Holidays to Hydra Greece
Holidays In Hydra
This little gem of an island holds, understandably, great appeal for walkers, and anyone wishing to escape the modern world. Home to well-known artists and writers, Hydra has plenty of visitors. But the island has not sold its soul and the resident families ensure its small Greek island charm and strong traditions, including many festivals, are retained.
The main town and port is one of the most beautiful in Greece, with preserved neo-classical mansions, whitewashed village houses and narrow cobbled lanes climbing steeply up from the horse-shoeshaped harbour. Quite rightly, the whole is preserved as a national monument. The mansions date from the 18th century and are a reminder of Hydra’s prosperous past. A number of museums explore this heritage.The bustling port is at its best in the evenings, when the quayside twinkles with cafés, small shops, bars and atmospheric restaurants.
During the day most people head for the beaches. A couple near town can be reached on foot – alternatively a number of small water-taxis are on hand to shuttle to and fro. Although a rocky island, Hydra
has some good beaches – some pebble, some sand, some backed by pines, some with a taverna or two, and even seasonal water sports.
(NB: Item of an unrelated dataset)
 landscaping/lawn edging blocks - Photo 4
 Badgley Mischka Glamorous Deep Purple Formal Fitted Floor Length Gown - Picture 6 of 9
Outside the hotter periods walking, as mentioned, is a major attraction, and a network of signed paths offers plenty of variety. The town hall issues a very useful booklet detailing ten walks ranging from
‘easy’ and under an hour to ‘difficult’ at nearly three hours. Inland you will discover a different side to the island, as the sparsely populated interior is mountainous (up to 590m) and has pineforest
and a number of monasteries.
To avoid doubling back it is a good idea to end up at a beach for a swim and lunc before taking a water-taxi back.